April 26. 2011    1 COMMENT

The use of technology termed erasure coding isn’t an entirely new concept, although it does indeed serve as a new approach for use in commercial storage systems for data protection. Its specifically useful for protecting data stored on high-density (multi-terabyte) disk drives, where RAID technology has particular limitations (see the prior Blog posting).

Erasure codes are a form of forward error-correction technology that has been used in a variety of technical applications for years. The basic idea is that it enables data to be broken into multiple packets (with a bit of additional information), sent to a receiver, and then reassembled on the receiving side. The key is that the receiver can reassemble the data even if some of the packets are lost in the transmission phase (that is, the receiver has a subset of the original packets).
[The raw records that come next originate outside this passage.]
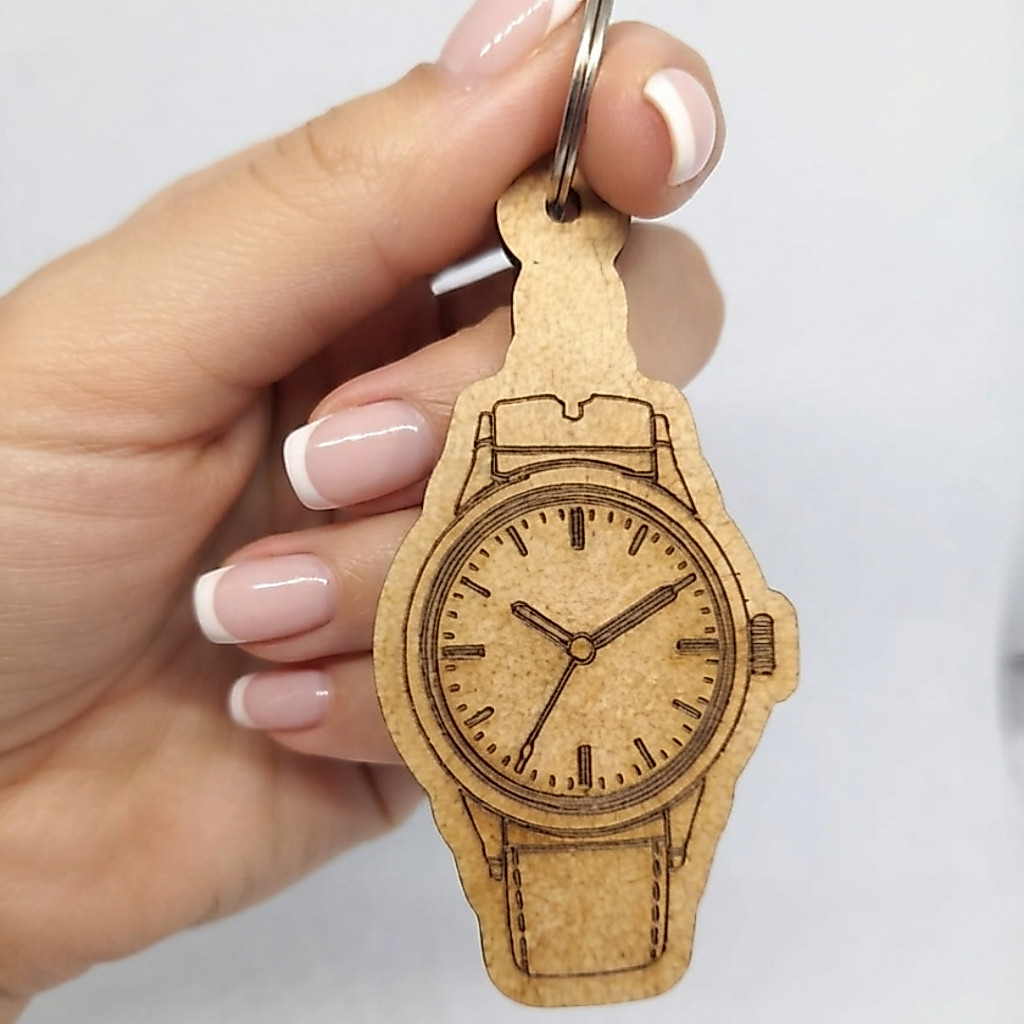 Kit Chaveiro Relógio em MDF | Atacado 25, 50 e 100 Unidades | Ideal para Brindes e Personalização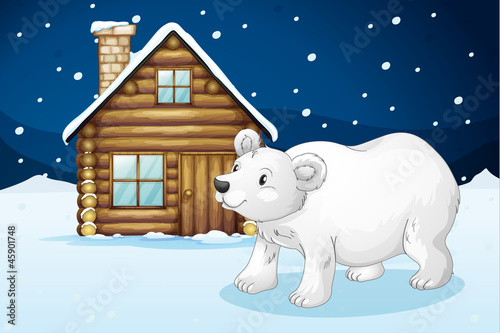 house and polar bear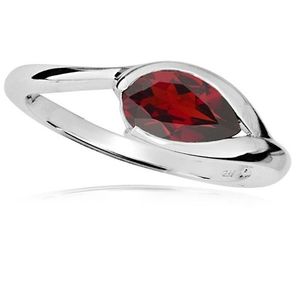MOISS Elegantní stříbrný prsten s červeným granátem RG000 56 mm obraz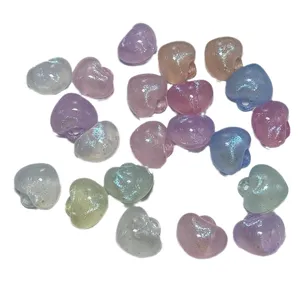 Acrylic mermaid luminous heart loose beads for DIY jewelry phone chain accessories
This created a perfect use for erasure codes in deep space transmissions.

The notion of utilizing erasure codes for storage media came about with the advent of CD’s & DVD’s and Blue Ray discs, where it is desirable that the media should be playable even with scratches or other damage to the recording surface. The most common algorithm for erasure coding in these applications has become known as Reed-Solomon codes, which were developed at MIT Lincoln Labs in the 1960’s.
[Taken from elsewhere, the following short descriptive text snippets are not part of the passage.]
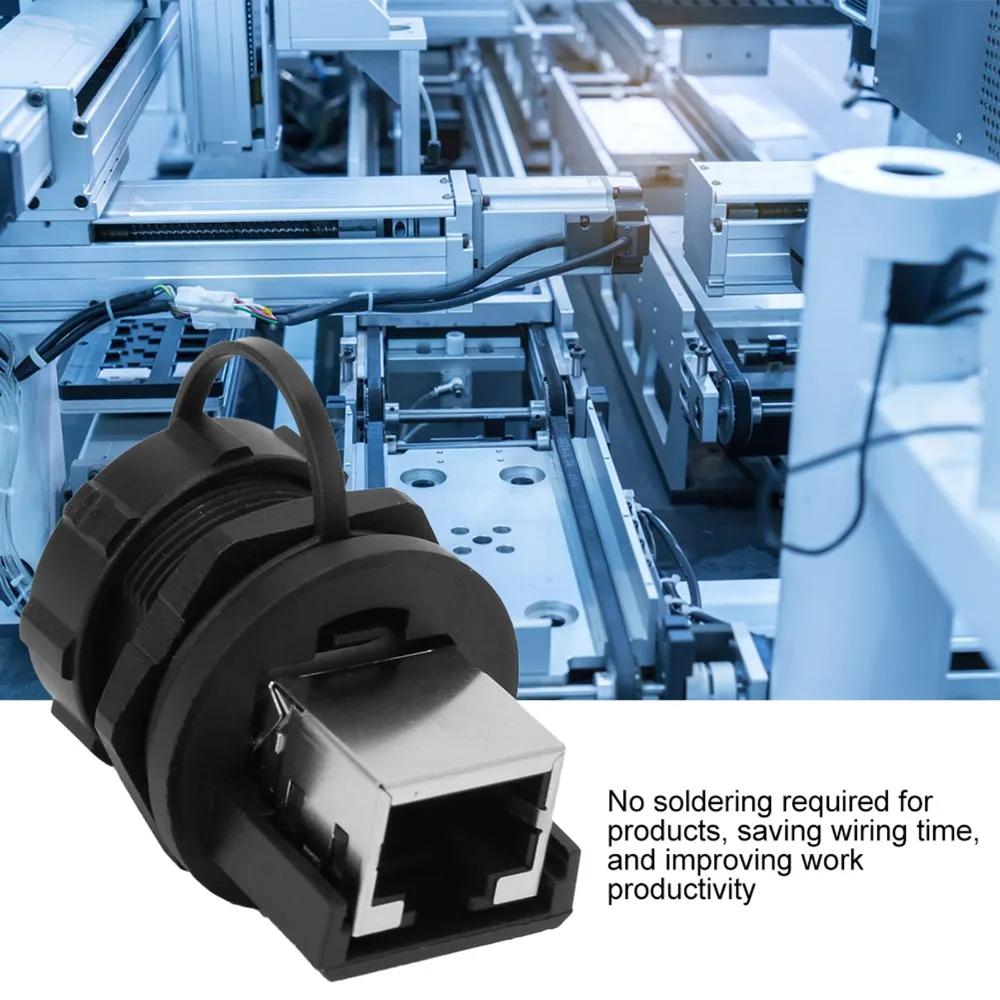2PCS Durable RJ45-180° RJ45 Adapter Waterproof IP67 Waterproof Coupler 180 Degree Connector Outdoor Environments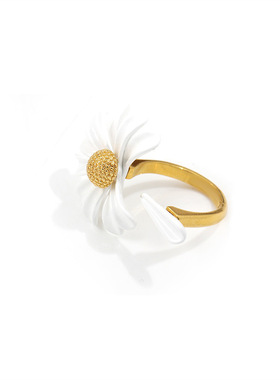 日韩热销高级感白色小雏菊戒指 高温烤漆花朵女士开口可调节戒指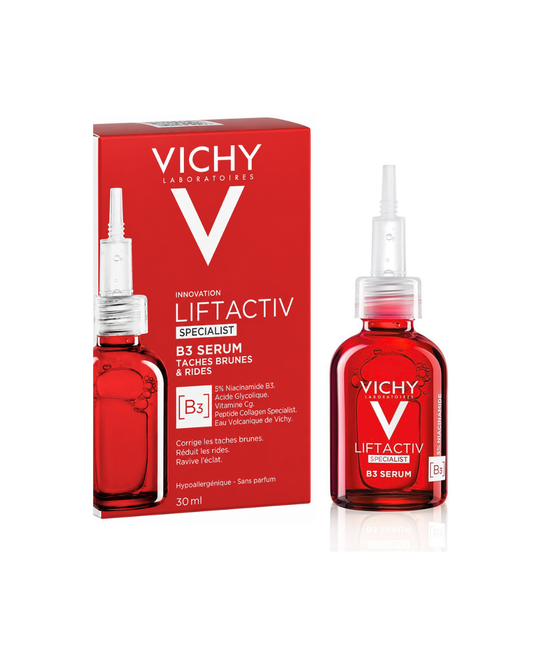 Vichy Liftactiv Specialist B3 Serum shown with its red retail box and a small dropper bottle on a clean white background.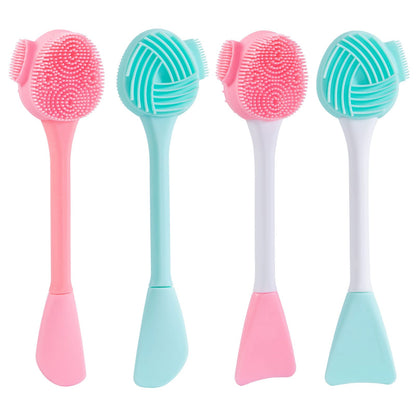 Silicone Facial Cleansing Brush 3 Pack, Beomeen 4 in 1 Handheld Face Scrubber for Deep Gentle Exfoliating, Double-Ended Face Wash Scrub Brush for Face Skincare and Massage (Green)
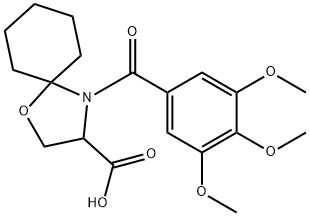 4-(3,4,5-trimethoxybenzoyl)-1-oxa-4-azaspiro[4.5]decane-3-carboxylic acid Structure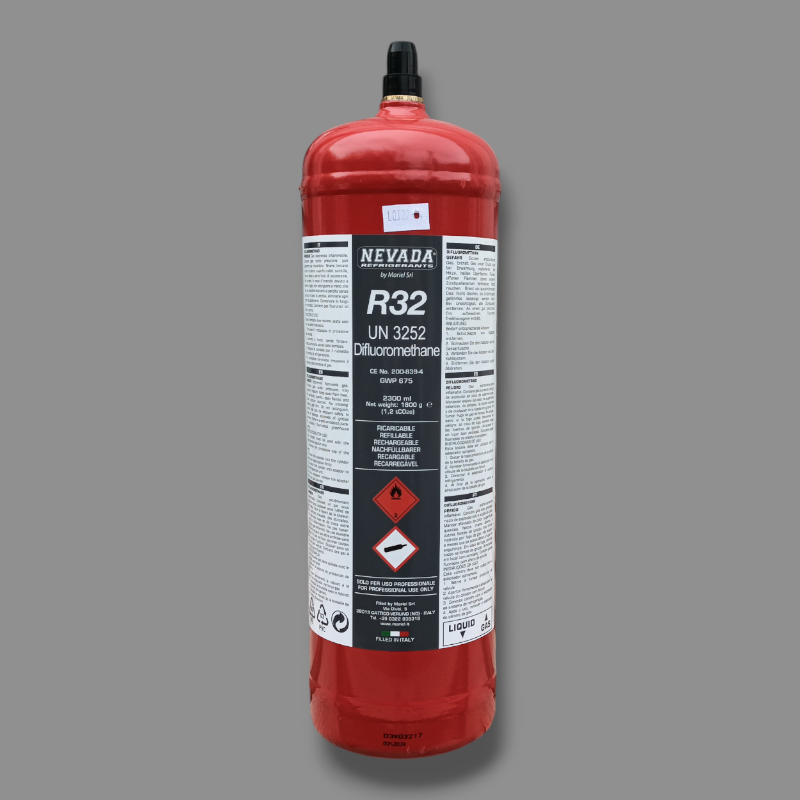 Gaz réfrigérant R32 en bouteille de 1,8 Kg. valve gauche 1/2" acme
A few years ago, when disk drive densities approached the 250GB and 500GB mark, most of the storage manufacturers realized that they needed to do something about the increasing probability of data loss on large-density drives. As explained in our previous posting, as drive densities increase, the RAID rebuild times increase. This presents a window-of-exposure to data loss, due to additional drive failures during rebuild (or media errors such as unrecoverable read errors). The idea of adding a second level of protection to RAID-5, in the form of what is commonly known as RAID-6 came about to protect data against two simultaneous disk drive failures, rather than one disk drive failure. In some vendor implementations, the second level of protection (the second “parity”) is implemented using Reed-Solomon techniques. This can create confusion since in many writings RAID-6 is therefore lumped in with erasure-coding.

The use of pure erasure-coding algorithms enables protection way beyond the 2 drive failures tolerated in RAID-6. In fact, in some implementations allow essentially unlimited levels of data protection, and a few even allow the user (or storage administrator) to specify the level of protection as a policy (for example, the data should survive 4 failures out of 16 disks, or 10 failures out of 20 disks).
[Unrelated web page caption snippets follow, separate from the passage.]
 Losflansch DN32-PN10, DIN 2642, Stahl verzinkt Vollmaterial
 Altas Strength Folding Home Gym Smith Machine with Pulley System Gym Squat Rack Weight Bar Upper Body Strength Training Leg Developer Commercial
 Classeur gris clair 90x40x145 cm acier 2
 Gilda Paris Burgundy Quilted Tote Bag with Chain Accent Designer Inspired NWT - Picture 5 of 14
A handful of storage systems have now been commercialized based on traditional Reed-Solomon techniques, or a newer generation based on variants of erasure coding such as Hurricane codes, or online erasure codes. Each of these has advantages, including protecting data against multiple component failures (disk drives, network links, power failures, etc), unrecoverable read errors, bit rot and many provide this in systems that automatically heal the data in the event of such a component failure.

These systems can leverage an opportunity created by these high-density disk drives, to store data very affordably (large disk drives usually provide the lowest cost per Gigabyte) and yet with the ultimate in storage reliability and durability.